There at location C are (left to right) an Aunt Ruby's German Green, a Japanese Black, and a Kellogg's Breakfast varietal of tomato plant.  (Side note: is there any smell more absolutely wonderful than the leaves of a tomato plant?)  I've planted the cohosh by scattering the seeds around the tomato plants and brushing the soil back over the top, then allowing Friday's downpour to water them in.  If we're lucky, the tomatoes will produce there, Foundation members will get to enjoy the fruit, the plants will die a natural death and join our compost heap, and then the cohosh will grow there once the tomatoes are only a memory. Voila, eco-friendly succession planting!

I'm also going to add marigolds as companion plants for the tomatoes when I return on Monday.  Annual marigolds discourage tomato hornworms and aphids from attacking the plants nearby, and the natural chemical defense they produce kills the nematodes that like tomato roots.  It's a safe, natural way to kill pests without chemical pesticides, and was probably practiced during the 1870s and 1880s here at Woodburn, which was then an experimental stock farm that grew all types of crops.  Our nineteenth-century farm ledger notes a number of instances where rows of flowers were planted, presumably for exactly this reason.

Also on Thursday, we put in a smooth purple coneflower purchased at the South Carolina Botanical Garden plants sale (one of the volunteers told us that this was not a particularly showy coneflower, but was the best for native education; it gets cool slender petals and is a federally listed endangered species).  We seeded New Jersey tea and clustered poppy-mallow at the dryer side of the garden.  We did quite a bit of hoeing (so.  much.  hoeing), but were able to work around the St. John's wort at location B in that first photo, while removing the grass and myrtle choking it down.  We were lucky to realize what that was; we were planning to take it out, thinking it was another tree sapling like the oaks and myrtles we've been fighting, then happened to see one with a label at the SC Botanical Garden up the road.

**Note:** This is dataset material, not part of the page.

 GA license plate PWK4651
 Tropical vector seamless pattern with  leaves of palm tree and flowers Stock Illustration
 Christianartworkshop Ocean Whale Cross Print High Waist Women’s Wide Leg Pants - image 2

Looking in the other direction from the same spot, you can see one of the historic millstones placed at the path 
end.  That insane spray of green froth on the far left is the fennel, which survived several years of neglect but 
is thriving with some of its competition removed.  Also, lots more glads.  The structures you see are the Moorhead
cabin (1798; original, though not to this site) and the carriage house (full replica of the original built around 1970).

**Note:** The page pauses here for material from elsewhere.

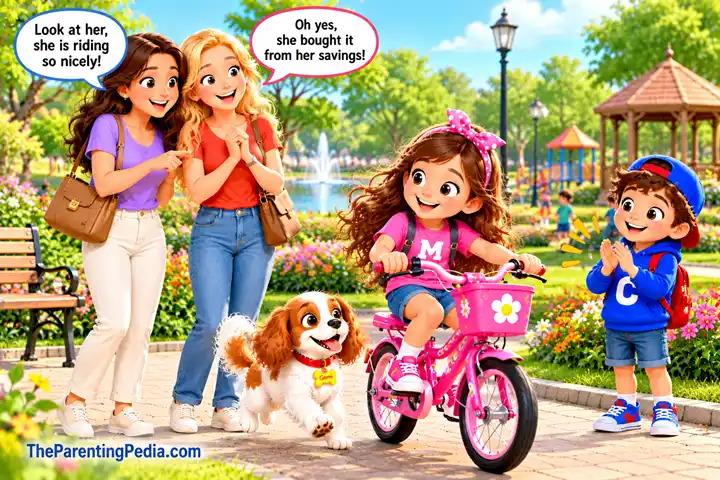 Teach Kids About Money by showing Matty riding her savings-funded bicycle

Another task on Thursday was taking out most of the apple mint and replacing it with slender mountain mint (the spot is just behind the white board leaning on the chimney in the photo above).  Mints eat gardens, and I'd rather have a native herb do the eating.  Mountain mints, which are Appalachian natives, are a species important to Piedmont prairie restoration gardening, and I expect ours to do just fine; Prairie Moon Nursery often recommends that their seeds be planted after 90-day warm stratification, 60-day cold stratification, scarification, boiling water treatment, any number of methods to improve the seeds' chances -- but for slender mountain mint, their advice boils down to "Eh, put it in the ground, it'll do its thing."

Hopefully several of the plants will do as well now that we're finally getting seeds in!